Автор этих строк слышал в детстве рассказы очевидцев о том, как при освобождении таких территорий происходили расправы с партизанами самодеятельных отрядов: рядовой состав немедленно бросался на фронт, сплошь и рядом – в штрафные роты, а вожаки беспощадно ликвидировались. Столь зверскими мерами Красную Армию оберегали от партизан уже в ее собственном тылу. И действительно, партизанская борьба продолжалась и позднее: вплоть до 1950 года и даже позже лесные братья в Прибалтике, бандеровцы на Украине, равно как и аковцы[261] в Польше продолжали вооруженное сопротивление коммунистическим властям.

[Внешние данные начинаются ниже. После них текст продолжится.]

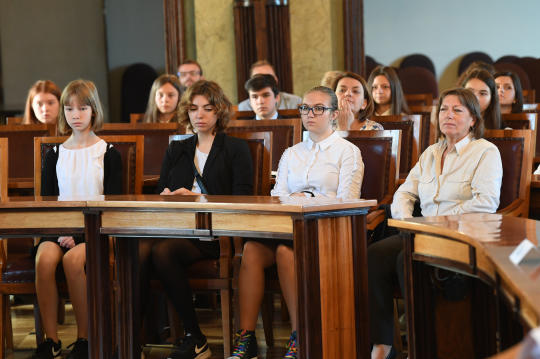 dsc_1068 - kopia.jpg-Eko-logiczni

Крестьянские повозки и собственные ноги вполне позволяли скрытно занять позицию для засады на дороге или для ночной атаки на походный бивак или на занятое противником селение, а после нападения совершить марш-бросок до вспомогательной лесной партизанской базы, откуда, уже не торопясь и основательно путая следы, можно было возвращаться к местам постоянной дислокации, маскируясь под вполне цивильный обоз. Предки Гитлера, к тому же, могли не опасаться при этом и наблюдения с воздуха, поскольку их деятельность протекала еще до рождения авиации.

Зато определенное отличие предков Гитлера от белорусских и брянских партизан, продиктованное, однако, совершенно аналогичными исходными мотивами, должно было возникать при выборе объектов нападения. Если предки Гитлера должны были, повторяем, выбирать пришлых путников, ориентируясь на низкую дисциплину и слабую организацию связи в отдельных подразделениях тогдашних армий, то партизаны Второй Мировой войны, противостоящие немецкой оккупации, должны были по тем же соображениям предпочитать собственных соотечественников, лояльных по отношению к немцам: нападать на таких было менее хлопотно и опасно, чем вызывать гнев немецкого начальства!

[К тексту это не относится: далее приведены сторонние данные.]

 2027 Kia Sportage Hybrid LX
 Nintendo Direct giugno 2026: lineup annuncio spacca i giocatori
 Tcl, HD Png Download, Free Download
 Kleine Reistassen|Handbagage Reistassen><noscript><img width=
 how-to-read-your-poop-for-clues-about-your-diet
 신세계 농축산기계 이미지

Примерно так же вели себя и антикоммунистические партизаны, нападая в основном на своих соотечественников, хотя среди жертв бандеровцев оказался весной 1944 года даже генерал армии Н.Ф. Ватутин, тогда – командующий 1-м Украинским фронтом, а в 1941 году – один из главных разработчиков предвоенных планов Красной Армии.

Возвращаясь к разбойникам богемских лесов, необходимо подчеркнуть вынужденную жестокость их нападений: либо ограбленных солдат и офицеров проходящих армий следовало безжалостно убивать, дабы не оставалось свидетелей, приводящих затем карателей, вершащих жесточайшее возмездие, либо, повторяем, тщательно планировать такие нападения, проводя их по возможности подальше от собственных домов и осуществляя затем хитроумные маневры, запутывающие следы отступления – как это и делали кавказцы XIX века.

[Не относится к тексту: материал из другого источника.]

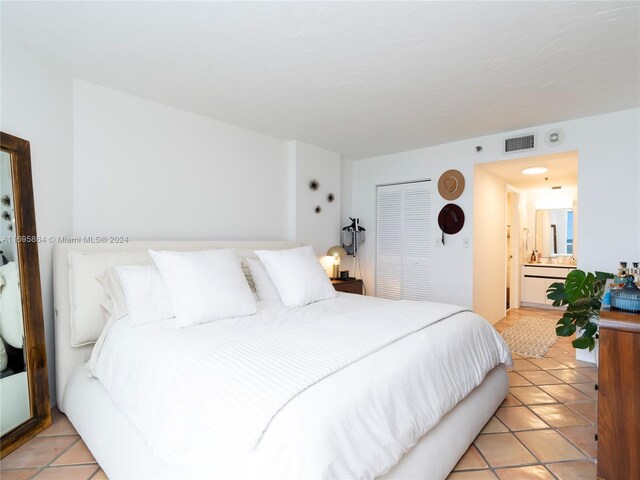 6767 Collins Ave Unit 1704, Miami Beach, FL 33141 - photo 14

Общей же чертой, необходимой всем налетчикам без исключений, должна была быть эффективность их разведки, не позволявшей ошибаться в идентификации и оценке потенциальных жертв, а также качество командно-штабных служб, организующих нападения с максимальным использованием местных географических факторов.

Легко представить себе, насколько высококачественной для этого должна была быть у разбойников разведывательная и дозорная службы. При передаче этого рода занятий по наследству они и формировались из наиболее невинных с виду членов клана – из мальчишек и даже девчонок, проходящих обучение у старичков и старушек, уходящих от дел, но эпизодически способных самостоятельно играть роли якобы невинных наблюдателей за вражескими силами.

Все это можно было бы посчитать фантазией автора (не лучшим утешением является то, что и Гитлера тоже почитали фантазером!), но подумайте сами: как и чем еще можно объяснить явно существовавшие денежные запасы у таких бедных и почти безземельных крестьян?

Основой же основ их техники безопасности, повторяем, должна была быть полнейшая невинность с виду в их основных местах базирования: ни в одном селении, ни в одном жилище партизанской зоны не должно было возникать ни малейших следов и последствий нападений, происходивших в десятках километров отсюда.

Увы, это не спасало других людей, обычно совершенно посторонних, от того, чтобы оказаться жертвами возмездия.

Наученные горьким опытом и совершенно бессильные отвечать ударом на удары истинных виновников, каратели всех стран и народов принимались сжигать ближайшие к местам нападения деревушки и истреблять их жителей, наивно надеясь, что тем самым наносят урон и «бандитам». Так поступали генерал Ермолов и другие русские XIX века, так поступали немцы во Второй Мировой войне, так, увы, поступают и каратели еще более поздних времен!